The DSC Show for Monday 3/18/19: Boyer Kicked Out, Rules To Live By, Chainsaw's Hand-Check and more!
Listen to the podcast below.
Here are a few of the things we learned today on The DSC Show on KGB.
Email from listener claimed Emily is not a crook taking the bubbly water. Most restaurants give it out freely, but some don’t. So ask first.
That led to a walk down memory lane with Boyer…..when he & Emily went to Farrell's in Fashion Valley in 1992 - when she was 11 and they charged $.02 for soda water. Wait, what? She didn't even live here then!
Boyer then claimed that while at Costco, he gets asked “Where’s the milk powder?” ALL the time. What the hell?
It was about that time (in the first quarter hour) that Dave sent Boyer out of the room to pull himself together & regroup. Alas, it did not help at all.
Programming note: Special paintball edition of 'You Bet Your Ass' will be played on Wednesday instead of Thursday this week. We're using the PaintBall Gun for ass punishment for Chainsaw and Sarah.
Boyer has been paying to NOT GO to the gym for 25 years! He definitely notices the amount on his monthly bill for $15 month, but doesn’t bother to cancel it! He joined because of a girl.
Chainsaw says, “You have a hand check first before you eat at the Y. Digitize first, sniff test, then decide if you’re going downtown." Words to live by. Listeners think Chainsaw has been emboldened by The Backwash podcast which is no holds barred and always dirty. If you don't believe me, listen here for proof.
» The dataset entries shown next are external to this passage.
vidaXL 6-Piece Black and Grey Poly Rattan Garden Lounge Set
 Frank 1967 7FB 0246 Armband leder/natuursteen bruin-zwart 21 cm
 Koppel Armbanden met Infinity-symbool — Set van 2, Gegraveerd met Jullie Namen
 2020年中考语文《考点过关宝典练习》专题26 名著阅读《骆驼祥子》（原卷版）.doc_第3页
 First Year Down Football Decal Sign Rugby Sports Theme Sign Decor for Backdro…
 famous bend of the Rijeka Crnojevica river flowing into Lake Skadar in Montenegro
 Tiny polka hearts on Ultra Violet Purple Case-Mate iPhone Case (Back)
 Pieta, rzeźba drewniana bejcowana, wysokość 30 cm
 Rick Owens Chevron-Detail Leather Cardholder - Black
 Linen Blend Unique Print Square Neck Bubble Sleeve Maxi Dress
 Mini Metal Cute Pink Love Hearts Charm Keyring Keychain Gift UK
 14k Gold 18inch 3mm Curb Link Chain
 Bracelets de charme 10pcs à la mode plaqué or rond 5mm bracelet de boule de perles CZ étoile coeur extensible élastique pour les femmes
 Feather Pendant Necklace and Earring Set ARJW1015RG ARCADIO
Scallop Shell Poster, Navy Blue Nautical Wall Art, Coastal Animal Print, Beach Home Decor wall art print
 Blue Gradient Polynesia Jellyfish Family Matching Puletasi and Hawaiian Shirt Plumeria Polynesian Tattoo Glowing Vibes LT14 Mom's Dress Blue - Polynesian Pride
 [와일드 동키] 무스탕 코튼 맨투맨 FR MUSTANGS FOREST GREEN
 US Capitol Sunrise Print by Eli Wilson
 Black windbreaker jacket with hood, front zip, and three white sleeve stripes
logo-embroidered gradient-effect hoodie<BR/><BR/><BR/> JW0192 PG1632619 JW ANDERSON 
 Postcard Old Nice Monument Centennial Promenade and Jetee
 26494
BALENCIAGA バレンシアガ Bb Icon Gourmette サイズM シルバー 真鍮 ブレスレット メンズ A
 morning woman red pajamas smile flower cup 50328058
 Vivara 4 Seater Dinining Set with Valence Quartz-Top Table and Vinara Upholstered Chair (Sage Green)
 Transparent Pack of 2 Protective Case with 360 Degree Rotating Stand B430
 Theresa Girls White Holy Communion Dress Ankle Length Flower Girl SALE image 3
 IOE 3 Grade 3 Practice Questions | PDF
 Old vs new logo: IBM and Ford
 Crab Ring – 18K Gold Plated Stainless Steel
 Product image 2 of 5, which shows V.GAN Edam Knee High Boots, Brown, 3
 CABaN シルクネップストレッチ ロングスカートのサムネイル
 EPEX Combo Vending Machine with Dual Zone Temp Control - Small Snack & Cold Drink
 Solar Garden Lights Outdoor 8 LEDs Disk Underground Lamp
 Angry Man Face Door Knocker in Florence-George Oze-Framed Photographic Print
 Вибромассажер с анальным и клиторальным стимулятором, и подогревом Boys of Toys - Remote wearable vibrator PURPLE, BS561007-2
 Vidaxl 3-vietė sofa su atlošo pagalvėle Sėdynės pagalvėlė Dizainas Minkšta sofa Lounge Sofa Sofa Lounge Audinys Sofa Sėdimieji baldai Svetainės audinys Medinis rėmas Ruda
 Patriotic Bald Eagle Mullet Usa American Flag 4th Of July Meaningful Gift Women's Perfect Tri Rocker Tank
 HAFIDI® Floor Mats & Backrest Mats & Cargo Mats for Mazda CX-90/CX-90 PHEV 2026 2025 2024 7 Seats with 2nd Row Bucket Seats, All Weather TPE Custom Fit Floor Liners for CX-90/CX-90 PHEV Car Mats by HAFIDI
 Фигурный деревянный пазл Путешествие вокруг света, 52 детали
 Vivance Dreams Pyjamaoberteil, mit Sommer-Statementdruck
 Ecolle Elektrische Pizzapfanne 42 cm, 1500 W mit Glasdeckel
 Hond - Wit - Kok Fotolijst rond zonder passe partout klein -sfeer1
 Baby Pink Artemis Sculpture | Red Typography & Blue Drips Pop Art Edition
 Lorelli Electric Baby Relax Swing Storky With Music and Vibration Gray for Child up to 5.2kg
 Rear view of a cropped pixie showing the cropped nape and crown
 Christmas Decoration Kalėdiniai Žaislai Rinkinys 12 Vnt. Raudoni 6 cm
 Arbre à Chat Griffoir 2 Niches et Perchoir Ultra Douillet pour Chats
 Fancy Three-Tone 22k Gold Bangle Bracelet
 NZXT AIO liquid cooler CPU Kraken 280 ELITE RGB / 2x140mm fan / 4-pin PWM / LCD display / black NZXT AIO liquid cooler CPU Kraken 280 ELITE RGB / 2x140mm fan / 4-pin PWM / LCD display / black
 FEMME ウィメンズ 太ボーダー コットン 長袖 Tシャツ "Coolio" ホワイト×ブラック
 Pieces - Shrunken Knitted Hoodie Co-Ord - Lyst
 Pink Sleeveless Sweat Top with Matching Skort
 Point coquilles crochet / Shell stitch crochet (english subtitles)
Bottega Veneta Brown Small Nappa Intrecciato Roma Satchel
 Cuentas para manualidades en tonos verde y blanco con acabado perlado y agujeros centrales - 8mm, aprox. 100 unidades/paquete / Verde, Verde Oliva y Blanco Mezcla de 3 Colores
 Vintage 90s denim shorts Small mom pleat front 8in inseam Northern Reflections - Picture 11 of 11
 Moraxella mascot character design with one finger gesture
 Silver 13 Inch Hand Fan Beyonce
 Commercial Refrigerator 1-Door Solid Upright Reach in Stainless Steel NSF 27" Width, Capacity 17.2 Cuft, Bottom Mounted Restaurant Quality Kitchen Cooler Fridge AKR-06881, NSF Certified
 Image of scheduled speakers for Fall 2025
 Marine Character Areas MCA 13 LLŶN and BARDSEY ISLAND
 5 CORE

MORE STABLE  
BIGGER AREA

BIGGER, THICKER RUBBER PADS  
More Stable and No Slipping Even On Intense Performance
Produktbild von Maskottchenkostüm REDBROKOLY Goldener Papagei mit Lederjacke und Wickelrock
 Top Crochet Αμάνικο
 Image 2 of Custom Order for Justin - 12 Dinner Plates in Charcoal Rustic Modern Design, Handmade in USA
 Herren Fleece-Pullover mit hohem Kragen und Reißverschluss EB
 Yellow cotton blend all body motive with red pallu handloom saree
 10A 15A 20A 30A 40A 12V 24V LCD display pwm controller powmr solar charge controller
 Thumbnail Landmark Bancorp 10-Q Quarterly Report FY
Celebrity Death: 81 year old guitarist, Dick Dale just died. Emily, the DSC Death Czar welcomed him into Celebrity Heaven. He starts a new trifecta in a new window.
There's a new study asking 'what does listening to death metal make you feel?' Participants were played two songs, “Because I’m Happy” by Pharrell and a Death Metal song. Believe it or not, (and I don't) most people feel joy when they listen to death metal. What about you? (Makes me want to kill myself.) -Ruthie
Actor, William H. Macy says we should never lie. 'It’s the cheapest way to go. They’re never worth it. Lying is the thing I hate most about people like Trump.' Meanwhile, his wife, Felicity Huffman, is the face of the lying, college cheating scandal.
Ryanair, had a fight break out where a dude had his nose bitten off. Started over a woman not wearing shoes. Blood spattered all over the cabin. Watch the video here.
Presidential Candidate, Sen. Bernie Sanders is showing off his new bandage because he cut his head on the shower door and got seven stitches. Now he's walking around looking feeble. Dave thinks he should stay out of sight until it's healed. Is this guy too old to be our president?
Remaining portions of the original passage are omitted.